Fueling the frustration of Hispanic leaders: Romney has not, in fact, faced a serious challenge from the anti-immigrant right, and the immigration attacks were not ultimately what felled Perry, the man who was for a moment his most threatening opponent.

"It's really a gratuitous, self-inflicted wound," marveled Eliseo Medina, the secretary-treasurer the No. 2 post at the Service Employees International Union, which has already endorsed Obama.

"He's had three months in which he has been doing nonstop bashing immigrants basically and the sad part of it is I don't think he had to."

Romney has spent his time in Florida trying to make amends, tapping the anti-Communist sentiment of Miami Cubans a fading force in Hispanic politics but still a potent one and sparring with Gingrich over the attack ads the former House speaker has been airing which call Romney anti-immigrant.

A Romney campaign official who handles Hispanic outreach, Ana Carbonell, wasn't immediately available to comment Wednesday, but some of his supporters believe the risk is overstated.

"Immigration is the least of his worries now," said Alex Castellanos, a consultant who advised Romney's 2008 campaign. "In general, he can surround himself with [former Florida Sen. Mel] Martinez and [Florida Sen.
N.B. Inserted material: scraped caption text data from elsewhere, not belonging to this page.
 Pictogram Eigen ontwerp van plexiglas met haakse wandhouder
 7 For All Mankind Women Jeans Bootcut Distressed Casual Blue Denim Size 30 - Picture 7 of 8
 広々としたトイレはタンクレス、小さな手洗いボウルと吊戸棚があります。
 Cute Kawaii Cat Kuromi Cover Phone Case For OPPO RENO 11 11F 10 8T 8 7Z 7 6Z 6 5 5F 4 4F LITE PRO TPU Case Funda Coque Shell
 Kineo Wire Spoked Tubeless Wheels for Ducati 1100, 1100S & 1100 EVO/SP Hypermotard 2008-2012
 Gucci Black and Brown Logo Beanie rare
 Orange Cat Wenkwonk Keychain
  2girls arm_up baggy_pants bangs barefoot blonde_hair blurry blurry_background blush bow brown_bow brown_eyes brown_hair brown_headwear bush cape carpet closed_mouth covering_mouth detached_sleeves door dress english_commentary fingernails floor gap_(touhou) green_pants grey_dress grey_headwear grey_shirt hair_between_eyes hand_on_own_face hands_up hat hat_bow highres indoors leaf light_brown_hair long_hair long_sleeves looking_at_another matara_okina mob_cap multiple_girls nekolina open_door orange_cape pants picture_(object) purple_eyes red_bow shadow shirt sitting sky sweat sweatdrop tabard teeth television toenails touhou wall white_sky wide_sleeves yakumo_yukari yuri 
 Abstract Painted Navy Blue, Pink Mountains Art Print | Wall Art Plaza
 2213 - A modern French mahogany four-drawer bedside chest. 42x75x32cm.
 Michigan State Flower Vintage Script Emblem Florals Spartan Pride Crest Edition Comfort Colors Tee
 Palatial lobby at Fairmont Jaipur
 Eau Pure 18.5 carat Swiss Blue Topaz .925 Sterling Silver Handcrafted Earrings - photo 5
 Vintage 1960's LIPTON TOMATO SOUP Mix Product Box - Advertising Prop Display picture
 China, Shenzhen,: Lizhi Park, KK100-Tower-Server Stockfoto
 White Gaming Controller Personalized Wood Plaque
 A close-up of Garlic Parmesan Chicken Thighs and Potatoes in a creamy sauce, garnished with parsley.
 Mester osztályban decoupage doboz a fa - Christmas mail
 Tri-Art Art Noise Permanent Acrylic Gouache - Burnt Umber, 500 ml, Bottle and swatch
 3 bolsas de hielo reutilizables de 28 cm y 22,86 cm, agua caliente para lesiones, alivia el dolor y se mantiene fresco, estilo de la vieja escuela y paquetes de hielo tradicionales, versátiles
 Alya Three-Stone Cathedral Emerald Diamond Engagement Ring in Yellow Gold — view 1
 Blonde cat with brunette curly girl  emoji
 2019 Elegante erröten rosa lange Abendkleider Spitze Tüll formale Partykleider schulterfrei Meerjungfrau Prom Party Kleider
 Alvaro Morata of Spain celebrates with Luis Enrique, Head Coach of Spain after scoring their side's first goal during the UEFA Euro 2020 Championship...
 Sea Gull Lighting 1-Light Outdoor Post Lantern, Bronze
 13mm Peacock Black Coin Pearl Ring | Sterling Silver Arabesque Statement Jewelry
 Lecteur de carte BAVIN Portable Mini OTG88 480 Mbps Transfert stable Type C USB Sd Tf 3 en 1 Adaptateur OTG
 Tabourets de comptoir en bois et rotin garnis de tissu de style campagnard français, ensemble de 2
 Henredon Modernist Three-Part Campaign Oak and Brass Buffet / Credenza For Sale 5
Marco] Rubio and come out with a strong plan to increase employment-based legal immigration so we stop China from raiding our top intellectual draft choices."

But Romney has reason to worry: He watched a close friend, Meg Whitman, lose her bid for governor of California in part because she was pushed to the right during the Republican primary, running television ads calling for a wall on the border.

"She went right on immigration and then tried to really court Latino voters in the general election, and it was very difficult for her," said Arturo Vargas, the executive director of the nonpartisan, California-based National Association of Latino Elected and Appointed Officials.

That's something that any candidate should be wary of: How do you say one thing during a primary season and try to change a position or nuance it in a general election?